Artist Showcase: Terminus Void

I am honored to have the unique privilege of showcasing an emerging and impactful ambient artist operating under the moniker, Terminus Void, who is about to release his second full-length space music album, Origins Unknown. Origins follows the composer’s self-released debut album, Interstellar from 2021 issued in the middle of the global pandemic. The album’s transportive interstellar journey serves as a brilliant offering of experiential escapism to transcend the anxieties and troubles of the modern world.

From the composer’s official one-sheet press release:

Interstellar

The debut album by Terminus Void, Interstellar, is a dark ethereal journey to the deepest reaches of interstellar space with emotional and cinematic undertones.

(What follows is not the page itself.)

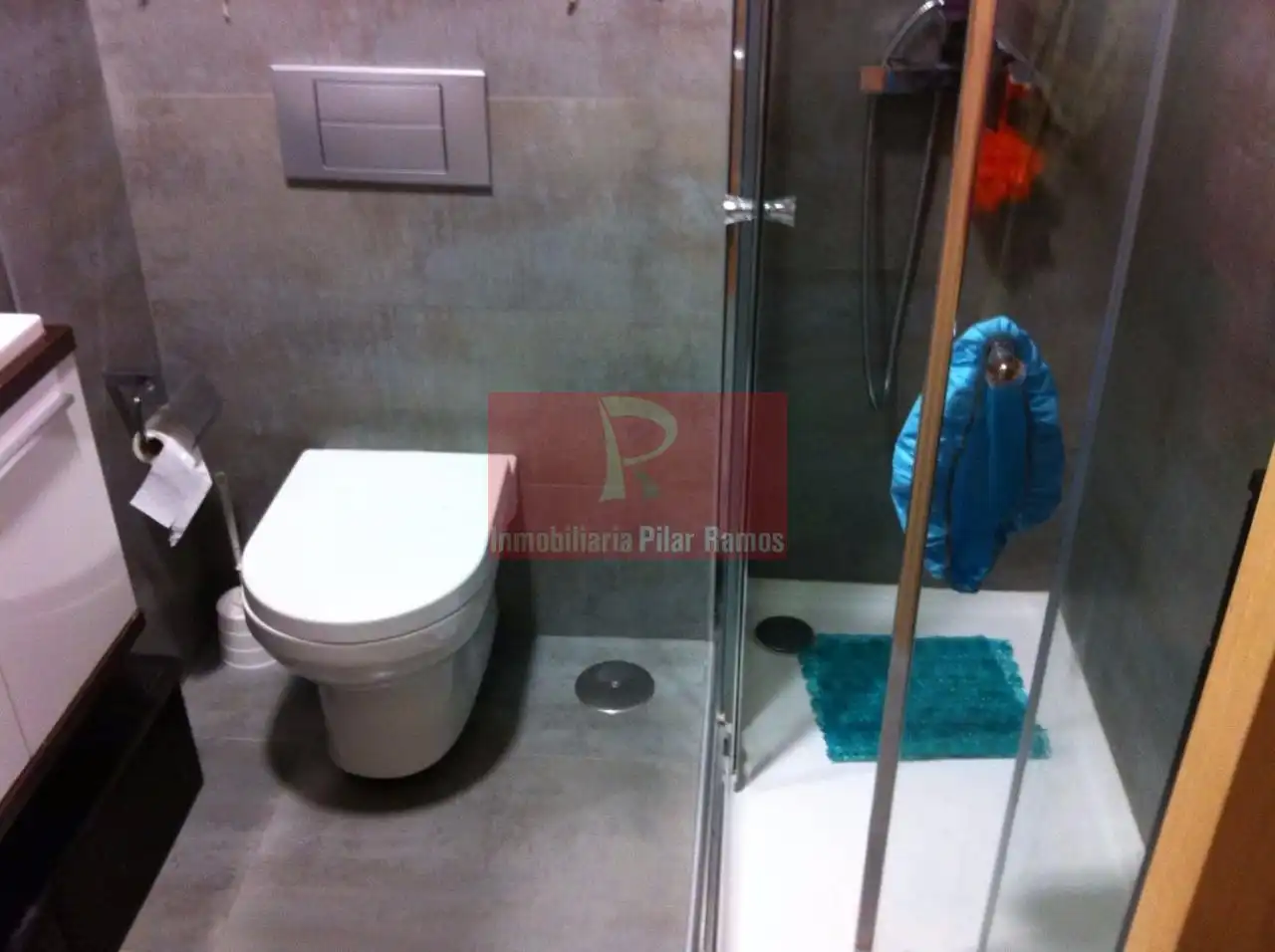 Baño de Apartamento de alquiler en León Capital  con Calefacción, Parquet y Terraza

Interstellar is an immersion for the senses, a gentle glide across an ambient wave of deep undulating bass and atmospheric chords. Haunting instrumentals and an ensemble of choral voices and ancient heraldic horns carry you deeper still on your inward journey. Interstellar is an auditory odyssey of humankind’s journey into the cosmic unknown.

About the Composer

1983 would be a monumental moment when J. Ronald Smith, an American electronic music Composer based in Seattle,Washington, was introduced to the nationally syndicated broadcast, Hearts of Space, created by Stephen Hill. Smith was awe inspired by music composers such as Michael Stearns, Brian Eno, Steve Roach and Evángelos Papathanassíou of Vangelis. Hill’s early broadcasts of these electronic music pioneers instilled a passion for Smith and opened a window of possibilities for him in this new experimental genre of music. In 2021, Smith founded Terminus Void to share this passion that has been nearly 40 years in the making.

I had the pleasure of engaging a dialog with the composer and he shared some of his insights and inspirations for his music project. He said that Interstellar was an enormous learning curve which he has honed and refined for the follow-up Origins Unknown album. But by no means does this suggest that Interstellar is in any way amateur or primitive. Contrarily, Smith demonstrates a magnificent proficiency in ambient soundscape composition from the very first track on his debut.

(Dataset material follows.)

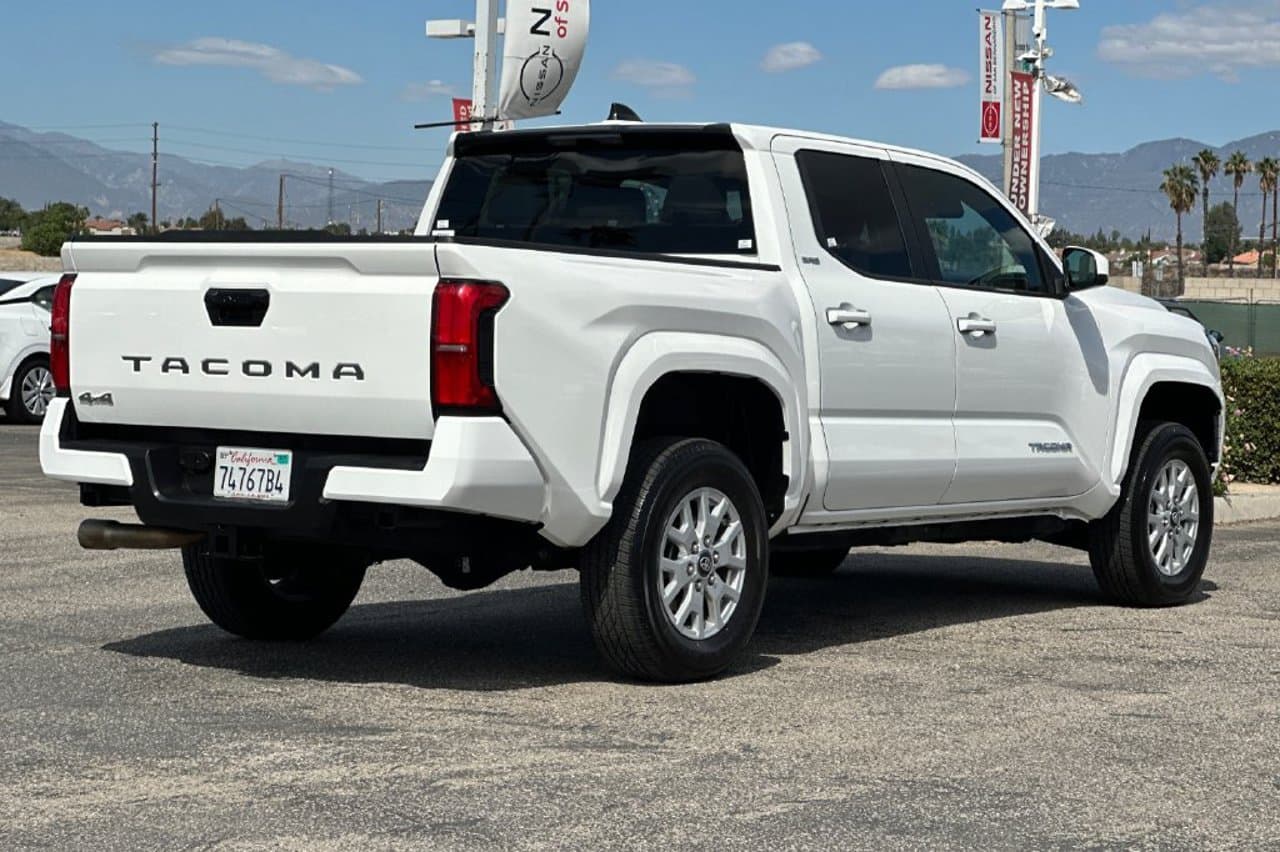 2024 Toyota Tacoma 4WD SR5 3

After only a few communications with Smith, it was instantly apparent that he is no dilettante by any stretch of the imagination. Smith expertly incorporates his penchant for the sciences into his musical efforts. When detailing the inspiration for Origins Unknown, he explained that the title track was inspired from Louis & Bebe Barron’s pioneering works featured in the 1956 film, Forbidden Planet. On this track, Smith incorporated into the baseline modified audible wave instrument recordings from the Juno spacecraft as it passed through the magnetosphere of the Jovian moon, Ganymede on June 7, 2021.

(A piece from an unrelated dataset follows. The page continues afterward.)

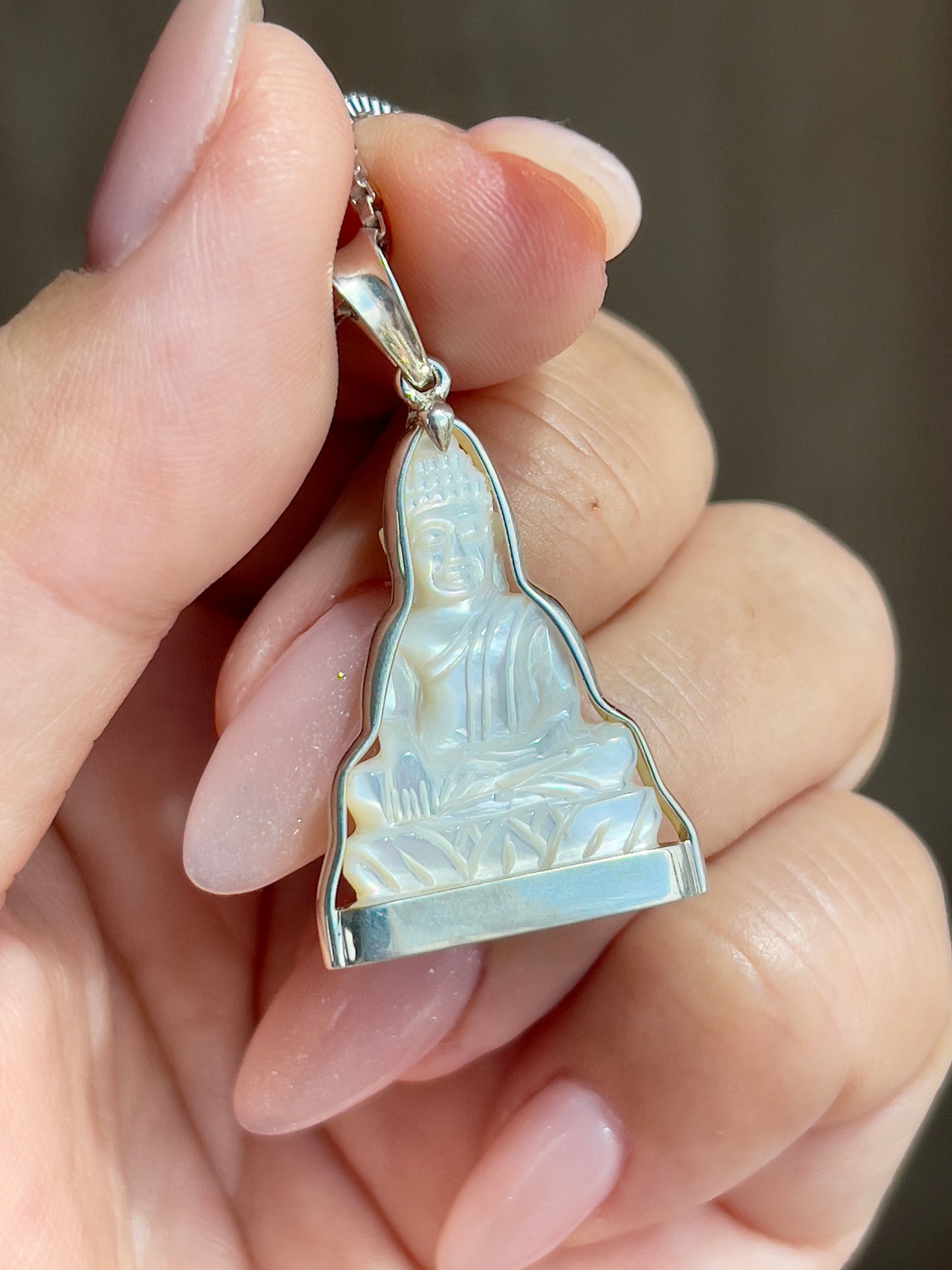Mother of Pearl Buddha Pendant in Silver #885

Smith’s passions for science and space exploration have been lifelong. Over twenty years ago, he constructed a radio telescope from a satellite TV antenna, microwave amplifier and a HAM radio receiver. This fact provides a glimpse of the artist’s technical proficiency and celestial-focused scientific intellect, and reveals that the idea to process these auditory frequencies into music had been there for some time. He was kind enough to expound his compositional methodology thusly:

In preparing my second album, I did take into account the interview of BeBe Barron from 1997 by Eric Chasalow. Specifically, her and Louie’s interpretation of Norbert Wiener’s theory of cybernetics as applied to music. I was impressed by the unpredictability and randomness of the electronic notes as they developed and processed the various pitches of the circuits. It was their freeform approach to these new “space sounds” that conducted the purposeful manipulation of circuits to ultimately “self-create” electronic notes. Their musical pioneering is inspiration enough, but then to apply a composition around those sounds that is both enjoyable and exciting in its strangeness, its beauty, and its soothing cosmological feel on the ear is the inspired approach I strive to attain. Like them I feel I am discovering new sounds to manipulate and self-create from the randomness of quite literally, thousands of possibilities of today’s modern synthesizer equipment along with the new discoveries in the astronomical sciences.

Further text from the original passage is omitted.